BOJ Deputy Gov. Kikuo Iwata told a news conference when he assumed his post that if the central bank attributed its failure to achieve its target to other factors while defending its own monetary policy, markets would lose confidence in the policy. This is what is actually happening to the central bank now.
However, questions remain as to whether the BOJ is solely to blame for the failure to achieve the inflation target.
The Liberal Democratic Party (LDP) incorporated the 2 percent inflation target in its campaign pledge for the House of Representatives election in late 2012. The LDP, which was then an opposition party, was aspiring to return to power by pledging to overcome deflation.
The government of Prime Minister Shinzo Abe went on to incorporate the 2 percent inflation target in a joint statement with the BOJ in January 2013 shortly after taking over the reins of government even though that target was too high in light of the condition of the Japanese economy.
The BOJ's massive monetary easing policy was the first of the "three arrows" of the Abenomics economic policy mix promoted by the Abe government. The Abe administration appointed those willing to carry out such monetary easing policy to the central bank's Policy Board.
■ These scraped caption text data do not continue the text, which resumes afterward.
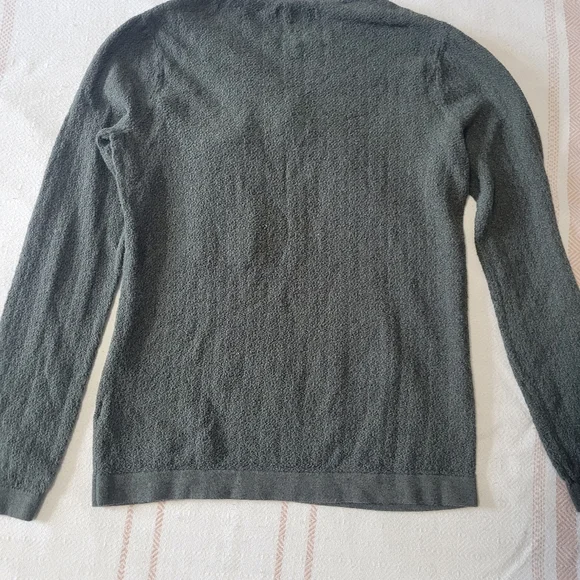 ASOS army green chest pocket sweater XXS - Picture 5 of 5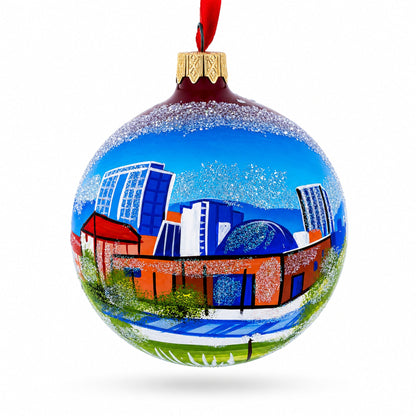 San Jose, California Glass Ball Christmas Ornament 3.25 Inches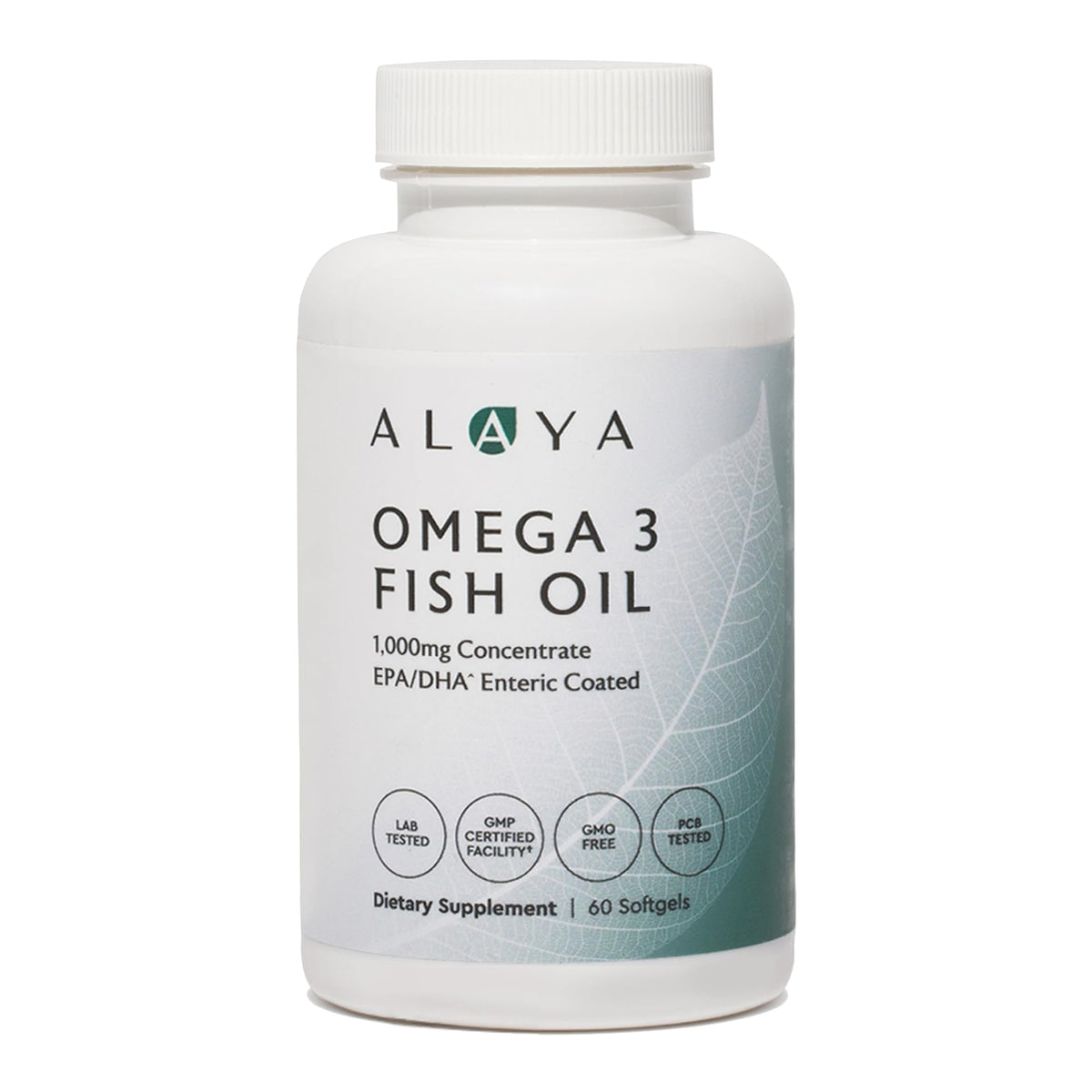 Alaya Naturals Omega 3 Fish Oil 1000 mcg - 60 Softgels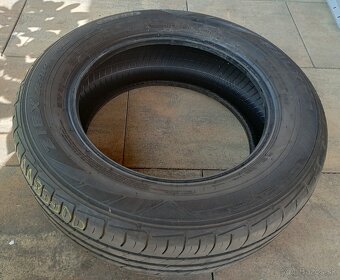 Plechové disky VW R16 + letné pneu 215/60 R16 + puklice VW - 8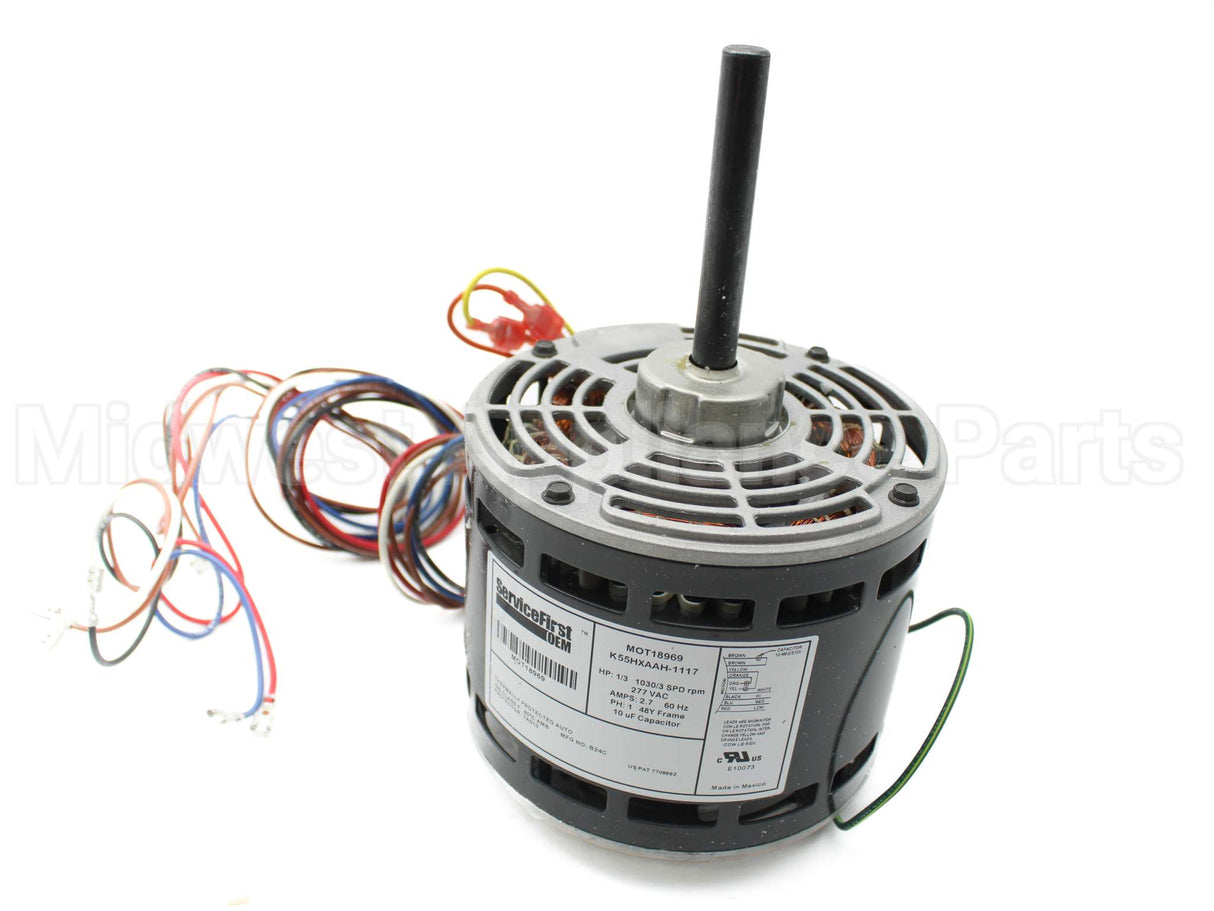 MOT18969 Trane 277V 1/3Hp 1030Rpm 3Spd Motor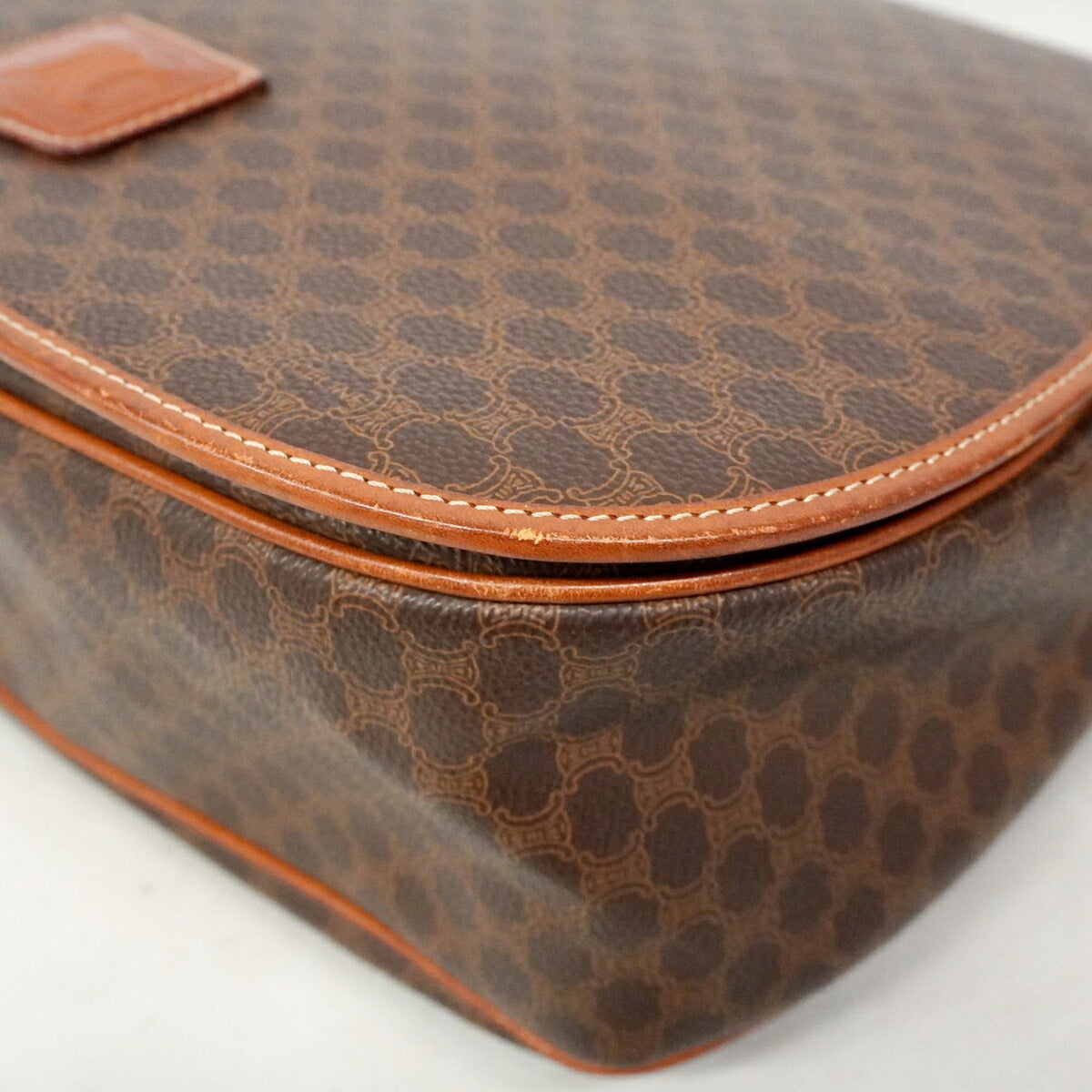 Celine Brown Pvc Shoulder Bag (Pre-Owned)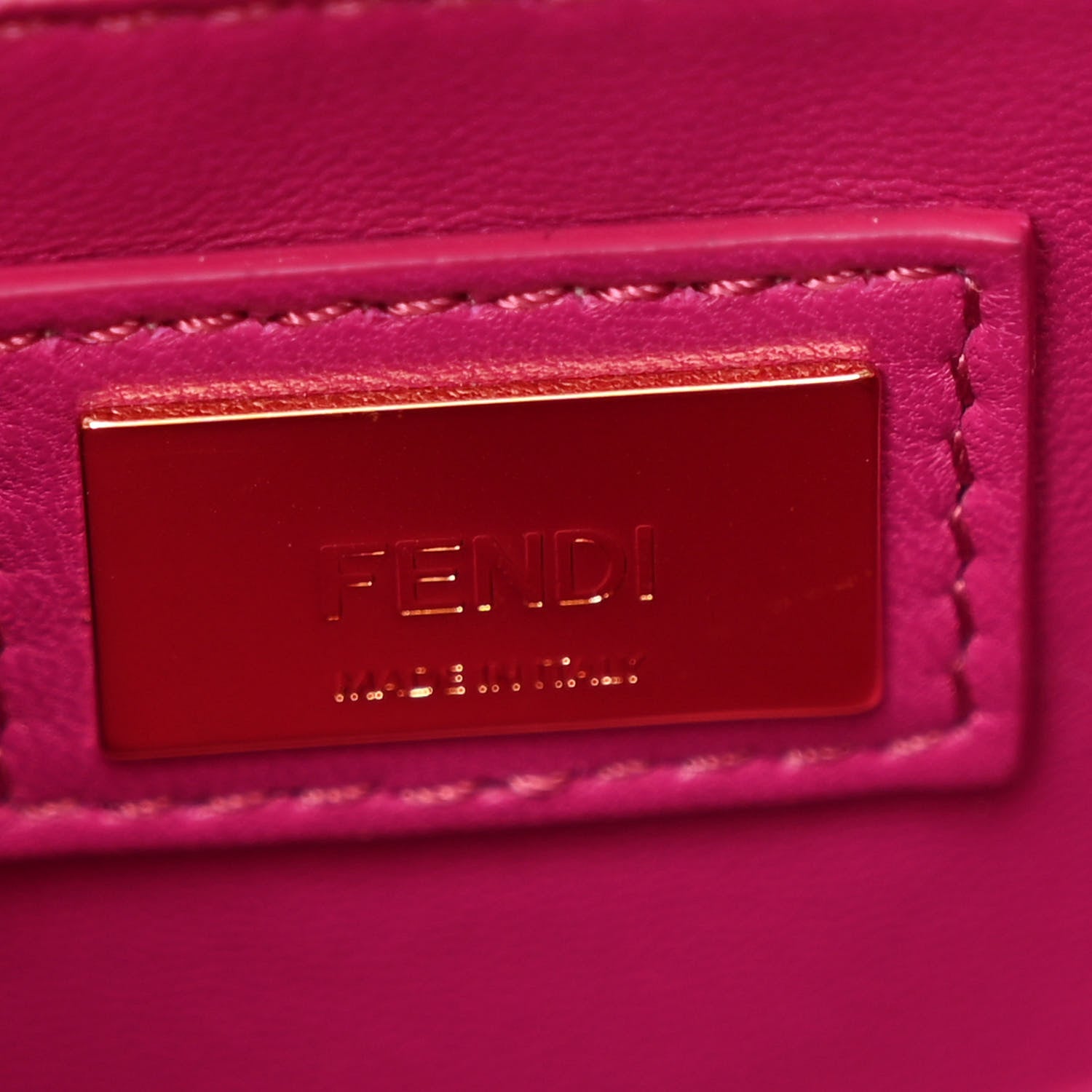 Fendi Nappa Mini Peekaboo Iconic Satchel Magenta 7 of 11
The target has not only been out of reach but the achievement date has been postponed repeatedly. The latest target date is sometime around 2018, six years after the goal was set. However, economists in the private sector view even the latest goal as overly optimistic. The government must fulfill its accountability for failing to live up to its promise to the public -- one that the government had emphasized.
While demanding that the BOJ overcome deflation at an early date, the government pledged to rehabilitate debt-ridden state finances, saying that the government would "establish a sustainable fiscal structure." Nonetheless, the government has postponed the consumption tax increase from the current 8 percent to 10 percent twice, and the scale of the state budget has ballooned to the largest-ever level.
The risk that financial markets will lose confidence in Japan's state finances and the market prices of government bonds will plummet as a result, dealing a serious blow to the Japanese economy, has heightened to an unprecedented level. It is irresponsible for the government to continue the policy, which has obviously failed, without scrutinizing it.